Headwear is alive and well at conventions — funny hats. Seuss-like political hats.
In August — maybe particularly in Florida — John Boehner’s tan looks perfectly normal.
The people here: When they say the Pledge of Allegiance, they mean it. When they salute the flag, they really mean it. Such earnestness is sort of amazing to me.
The national anthem was sung by a group called Seven. (Wasn’t that a movie?) They sang it in C. (Usually in B flat.)
The invocation was done by a Mormon. An explicitly Christian prayer. Should a prayer, if you’re going to have just one, at an event like this, be ecumenical? I don’t know.
Lots of makeup on the ladies — Republican convention. I’ll let you know about the Democratic ladies next week.
During speeches, early on, before the big speeches, everyone’s milling around. No one’s paying attention. They’re gabbing and visiting and so on. This must be disconcerting to a speaker, trying to give his speech. Having his big moment.

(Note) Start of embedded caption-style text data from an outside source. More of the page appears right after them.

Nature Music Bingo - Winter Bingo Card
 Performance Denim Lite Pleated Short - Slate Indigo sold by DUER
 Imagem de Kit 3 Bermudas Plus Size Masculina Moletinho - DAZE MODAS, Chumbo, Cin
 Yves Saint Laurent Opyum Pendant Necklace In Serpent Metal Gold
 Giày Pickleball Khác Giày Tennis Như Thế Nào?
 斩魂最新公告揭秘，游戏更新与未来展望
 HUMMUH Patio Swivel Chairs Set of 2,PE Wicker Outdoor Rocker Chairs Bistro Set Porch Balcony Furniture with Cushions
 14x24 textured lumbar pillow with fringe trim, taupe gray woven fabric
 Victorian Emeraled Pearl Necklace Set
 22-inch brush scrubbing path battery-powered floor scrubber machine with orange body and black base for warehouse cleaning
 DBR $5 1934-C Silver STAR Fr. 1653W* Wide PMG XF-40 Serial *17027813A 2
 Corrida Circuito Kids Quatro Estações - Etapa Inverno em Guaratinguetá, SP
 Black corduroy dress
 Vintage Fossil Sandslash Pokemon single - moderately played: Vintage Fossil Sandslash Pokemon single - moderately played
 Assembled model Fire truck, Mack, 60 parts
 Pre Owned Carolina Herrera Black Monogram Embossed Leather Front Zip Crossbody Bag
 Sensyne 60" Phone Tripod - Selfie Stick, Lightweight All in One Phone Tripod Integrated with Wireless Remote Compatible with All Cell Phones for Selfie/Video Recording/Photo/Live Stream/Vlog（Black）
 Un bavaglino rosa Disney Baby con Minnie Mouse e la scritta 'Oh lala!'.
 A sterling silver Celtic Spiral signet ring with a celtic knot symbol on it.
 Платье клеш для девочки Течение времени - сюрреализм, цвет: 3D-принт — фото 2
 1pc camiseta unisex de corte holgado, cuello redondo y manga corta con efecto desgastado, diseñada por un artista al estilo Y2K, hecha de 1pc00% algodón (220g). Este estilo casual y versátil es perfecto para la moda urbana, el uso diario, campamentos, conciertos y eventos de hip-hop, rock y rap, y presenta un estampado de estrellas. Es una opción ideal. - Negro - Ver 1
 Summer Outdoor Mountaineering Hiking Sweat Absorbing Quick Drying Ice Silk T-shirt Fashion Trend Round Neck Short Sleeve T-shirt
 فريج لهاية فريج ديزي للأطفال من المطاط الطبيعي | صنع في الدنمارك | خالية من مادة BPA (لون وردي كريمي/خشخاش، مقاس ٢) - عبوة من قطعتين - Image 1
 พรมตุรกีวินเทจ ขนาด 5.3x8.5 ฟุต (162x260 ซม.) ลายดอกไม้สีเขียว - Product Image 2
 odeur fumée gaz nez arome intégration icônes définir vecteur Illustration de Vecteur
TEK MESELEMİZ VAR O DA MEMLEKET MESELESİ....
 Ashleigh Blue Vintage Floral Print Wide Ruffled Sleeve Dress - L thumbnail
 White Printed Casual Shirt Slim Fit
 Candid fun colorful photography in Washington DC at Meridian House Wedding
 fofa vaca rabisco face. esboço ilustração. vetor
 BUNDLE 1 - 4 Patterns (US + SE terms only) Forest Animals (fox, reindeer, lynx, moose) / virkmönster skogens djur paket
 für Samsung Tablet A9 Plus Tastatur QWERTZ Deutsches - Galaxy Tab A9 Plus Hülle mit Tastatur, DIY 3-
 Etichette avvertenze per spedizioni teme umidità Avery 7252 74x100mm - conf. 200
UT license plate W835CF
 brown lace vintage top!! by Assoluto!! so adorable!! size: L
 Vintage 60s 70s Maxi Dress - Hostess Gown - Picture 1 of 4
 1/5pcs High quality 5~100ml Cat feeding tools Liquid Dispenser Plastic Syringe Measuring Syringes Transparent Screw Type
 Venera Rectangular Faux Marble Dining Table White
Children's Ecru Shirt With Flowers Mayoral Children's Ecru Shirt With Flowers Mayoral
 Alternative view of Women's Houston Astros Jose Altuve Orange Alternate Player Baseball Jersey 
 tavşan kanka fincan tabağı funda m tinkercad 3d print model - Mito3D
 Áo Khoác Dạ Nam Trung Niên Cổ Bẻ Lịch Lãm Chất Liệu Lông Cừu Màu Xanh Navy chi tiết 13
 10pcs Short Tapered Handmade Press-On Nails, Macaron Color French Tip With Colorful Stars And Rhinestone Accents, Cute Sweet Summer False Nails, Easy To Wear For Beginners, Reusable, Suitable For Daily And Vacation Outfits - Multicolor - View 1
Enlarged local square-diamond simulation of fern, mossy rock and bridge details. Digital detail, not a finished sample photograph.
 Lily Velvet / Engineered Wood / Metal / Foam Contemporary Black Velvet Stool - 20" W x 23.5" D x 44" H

Receptivity — the atmosphere in the hall — has a lot to do with a speech’s success. Last night, people were ready to respond to Paul Ryan. This was the vice-presidential speech. People were full of anticipation. They were ready to be wowed. It was a Moment, acknowledged by one and all.
Was Ryan’s speech better delivered than the ones that got no or little response? No, not necessarily. The conditions — the expectations — matter greatly.
Young Connie Mack noted that Americans brought home more Olympic medals from London than did the athletes of any other country — “even China.”
We’ve reached a pretty pass when we say, “Hey, we even did better than China!” Shouldn’t they be saying that of us?
You know what I mean? (I could pause to explain, but am rushing.)
Orrin Hatch absolutely loves to meet and mingle with people — sign of a fine politician, and a likable, sociable man. He’s apt to greet you with, “Come here, you rascal you!”
A man to get a kick out of. Splendid.
They showed a Reagan film. Compilation of his statements and so on. First of all, what a voice — what a voice. A superb instrument.
Denny Hastert: amiable, smaller than before. Still a wrestling coach, though.
Phyllis Schlafly: still beautiful.
Craig Romney, one of the nominee’s sons, made some remarks in Spanish. Reminded me of something: The most multilingual student body in America? BYU’s, so far as I know.
When I was in Salzburg the other week, a natty Euro snorted that Romney was “insular,” and knew nothing about the world. It’s not merely that people such as my Euro are ignorant. It’s that they don’t even want not to be.
Herman Cain: southern, courtly, fun — a rascal, no doubt.
The most moving speeches of the convention so far (to me)? The speeches by “ordinary people” whom Romney has helped, in the worst of circumstances.
A datum about Phyllis Schlafly: She attended her first convention in 1952.